> _TASK OBJECTIVE_: Both the line containing "Крышка защита двигателя" and the line containing "Chicago Flag Chicago" belong to the span. Output exactly that span from the listing below, and nothing outside it.

> _GIVEN RECORDS_:

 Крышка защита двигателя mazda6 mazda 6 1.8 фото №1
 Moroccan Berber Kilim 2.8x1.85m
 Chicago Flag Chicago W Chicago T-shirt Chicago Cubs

* * *

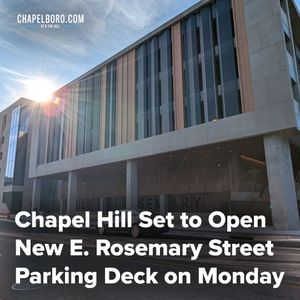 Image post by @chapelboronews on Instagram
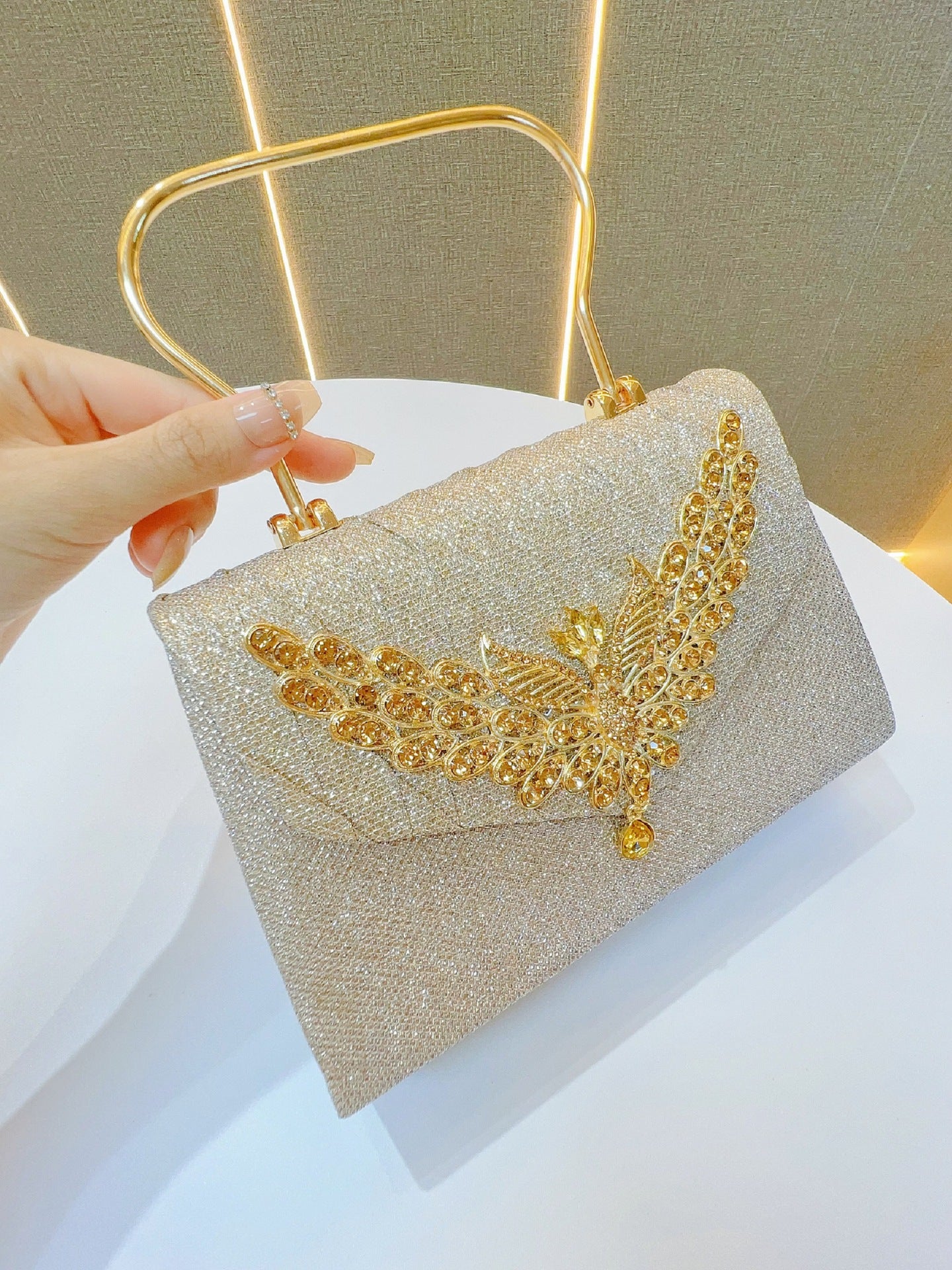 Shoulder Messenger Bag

> _OUTPUT OF THE TASK_:
 Крышка защита двигателя mazda6 mazda 6 1.8 фото №1
 Moroccan Berber Kilim 2.8x1.85m
 Chicago Flag Chicago W Chicago T-shirt Chicago Cubs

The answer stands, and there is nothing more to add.